### WORK REQUEST
Copy word for word, please, the lines of the entries below running from the one containing "Sasttie Full Size" to the one containing "24pcs/set 3D gelnial", both ends included.

Data entries:
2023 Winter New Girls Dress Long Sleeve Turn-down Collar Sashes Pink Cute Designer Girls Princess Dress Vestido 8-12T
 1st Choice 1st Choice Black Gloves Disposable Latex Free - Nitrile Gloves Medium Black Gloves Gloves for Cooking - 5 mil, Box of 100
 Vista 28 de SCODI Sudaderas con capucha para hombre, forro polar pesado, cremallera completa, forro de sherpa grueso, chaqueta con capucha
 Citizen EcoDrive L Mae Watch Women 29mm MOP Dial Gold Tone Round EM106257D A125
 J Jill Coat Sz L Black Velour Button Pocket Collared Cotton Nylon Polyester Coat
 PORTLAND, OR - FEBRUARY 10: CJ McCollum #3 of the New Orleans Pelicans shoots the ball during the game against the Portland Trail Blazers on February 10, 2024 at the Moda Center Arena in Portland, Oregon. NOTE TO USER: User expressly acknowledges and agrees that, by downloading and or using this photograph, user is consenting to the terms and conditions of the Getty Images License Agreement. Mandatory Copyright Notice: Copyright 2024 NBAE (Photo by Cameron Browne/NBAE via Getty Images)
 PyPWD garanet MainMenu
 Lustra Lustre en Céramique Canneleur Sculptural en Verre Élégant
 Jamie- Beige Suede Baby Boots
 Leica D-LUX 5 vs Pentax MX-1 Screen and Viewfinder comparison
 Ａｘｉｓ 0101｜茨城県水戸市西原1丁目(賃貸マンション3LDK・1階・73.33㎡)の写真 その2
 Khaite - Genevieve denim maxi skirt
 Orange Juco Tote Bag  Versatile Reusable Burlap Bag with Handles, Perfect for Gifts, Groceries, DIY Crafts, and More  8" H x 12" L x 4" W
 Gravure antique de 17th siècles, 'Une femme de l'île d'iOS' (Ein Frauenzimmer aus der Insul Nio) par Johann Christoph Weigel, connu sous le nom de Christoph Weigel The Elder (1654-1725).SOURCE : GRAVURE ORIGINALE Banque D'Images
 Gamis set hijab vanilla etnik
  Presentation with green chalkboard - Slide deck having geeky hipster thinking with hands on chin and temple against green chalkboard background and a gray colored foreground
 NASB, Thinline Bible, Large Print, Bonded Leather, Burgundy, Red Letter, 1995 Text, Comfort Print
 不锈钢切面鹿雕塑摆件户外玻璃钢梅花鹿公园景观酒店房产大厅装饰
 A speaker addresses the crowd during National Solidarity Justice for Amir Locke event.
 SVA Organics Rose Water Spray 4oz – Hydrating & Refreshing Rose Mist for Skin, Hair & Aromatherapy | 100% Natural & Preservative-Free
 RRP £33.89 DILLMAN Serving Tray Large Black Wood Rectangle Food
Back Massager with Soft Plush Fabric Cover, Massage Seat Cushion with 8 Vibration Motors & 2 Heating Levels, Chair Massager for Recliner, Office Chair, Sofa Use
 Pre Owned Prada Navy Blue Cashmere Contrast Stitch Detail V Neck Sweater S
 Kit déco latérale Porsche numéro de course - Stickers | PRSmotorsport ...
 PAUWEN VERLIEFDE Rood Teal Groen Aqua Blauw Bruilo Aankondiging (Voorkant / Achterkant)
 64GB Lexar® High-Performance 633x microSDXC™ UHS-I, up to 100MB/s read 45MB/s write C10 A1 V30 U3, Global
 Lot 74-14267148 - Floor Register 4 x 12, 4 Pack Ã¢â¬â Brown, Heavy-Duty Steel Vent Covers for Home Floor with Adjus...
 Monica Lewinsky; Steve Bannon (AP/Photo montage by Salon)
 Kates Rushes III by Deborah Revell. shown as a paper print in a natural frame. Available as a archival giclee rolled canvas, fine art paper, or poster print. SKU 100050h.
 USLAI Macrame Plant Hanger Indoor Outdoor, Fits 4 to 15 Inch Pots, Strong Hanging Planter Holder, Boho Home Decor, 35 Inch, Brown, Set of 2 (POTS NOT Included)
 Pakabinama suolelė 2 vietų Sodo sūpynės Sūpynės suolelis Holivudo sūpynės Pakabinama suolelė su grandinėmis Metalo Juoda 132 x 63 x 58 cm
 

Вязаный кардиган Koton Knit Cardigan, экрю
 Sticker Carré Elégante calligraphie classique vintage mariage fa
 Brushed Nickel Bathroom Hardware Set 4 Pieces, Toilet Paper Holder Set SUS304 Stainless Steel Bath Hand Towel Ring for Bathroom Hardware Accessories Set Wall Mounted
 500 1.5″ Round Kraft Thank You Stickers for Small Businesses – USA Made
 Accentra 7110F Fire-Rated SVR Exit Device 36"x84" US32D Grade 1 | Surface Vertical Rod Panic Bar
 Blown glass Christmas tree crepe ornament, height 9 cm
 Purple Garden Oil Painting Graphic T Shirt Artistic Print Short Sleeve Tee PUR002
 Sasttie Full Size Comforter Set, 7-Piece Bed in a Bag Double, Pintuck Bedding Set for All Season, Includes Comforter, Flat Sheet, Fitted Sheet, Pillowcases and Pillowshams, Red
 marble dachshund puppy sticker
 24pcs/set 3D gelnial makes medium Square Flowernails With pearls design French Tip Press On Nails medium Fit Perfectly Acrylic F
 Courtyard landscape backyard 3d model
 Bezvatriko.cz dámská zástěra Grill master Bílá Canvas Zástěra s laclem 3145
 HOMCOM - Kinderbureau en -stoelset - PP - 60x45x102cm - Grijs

### TASK RESPONSE
 Sasttie Full Size Comforter Set, 7-Piece Bed in a Bag Double, Pintuck Bedding Set for All Season, Includes Comforter, Flat Sheet, Fitted Sheet, Pillowcases and Pillowshams, Red
 marble dachshund puppy sticker
 24pcs/set 3D gelnial makes medium Square Flowernails With pearls design French Tip Press On Nails medium Fit Perfectly Acrylic F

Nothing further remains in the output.